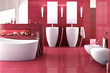 Badezimmer in rot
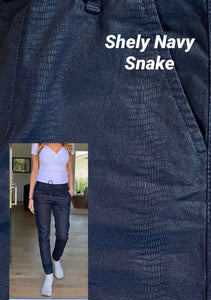 Shely Style Flog Pants - Navy Snake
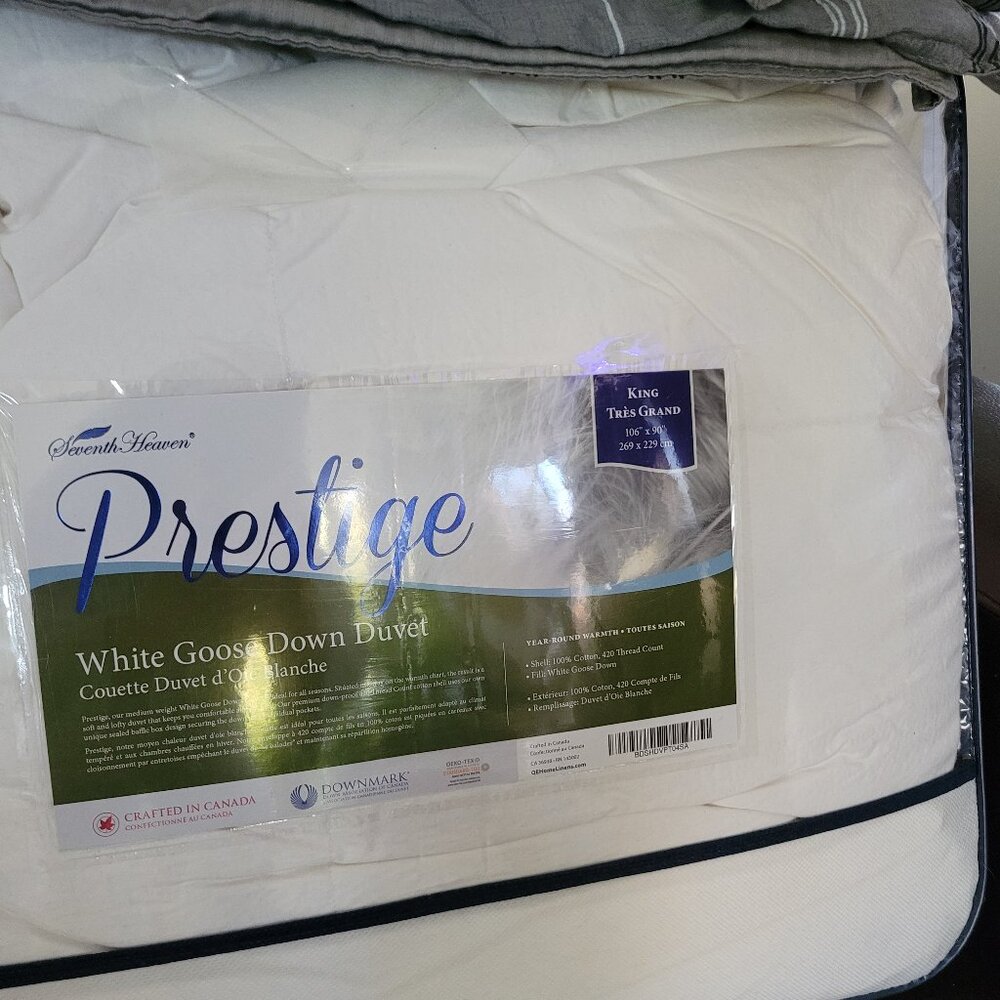 Prestige King size White goose down comforter with stylish grey duvet.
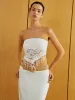 Lace Insert Tassel Hem Tube Top sold by COMMENSE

* **What the task asks**
From the line containing "Prestige King size" down to the final line of the material above, reproduce each line exactly and include no images.

* **Expected answer**
 Prestige King size White goose down comforter with stylish grey duvet.
 Lace Insert Tassel Hem Tube Top sold by COMMENSE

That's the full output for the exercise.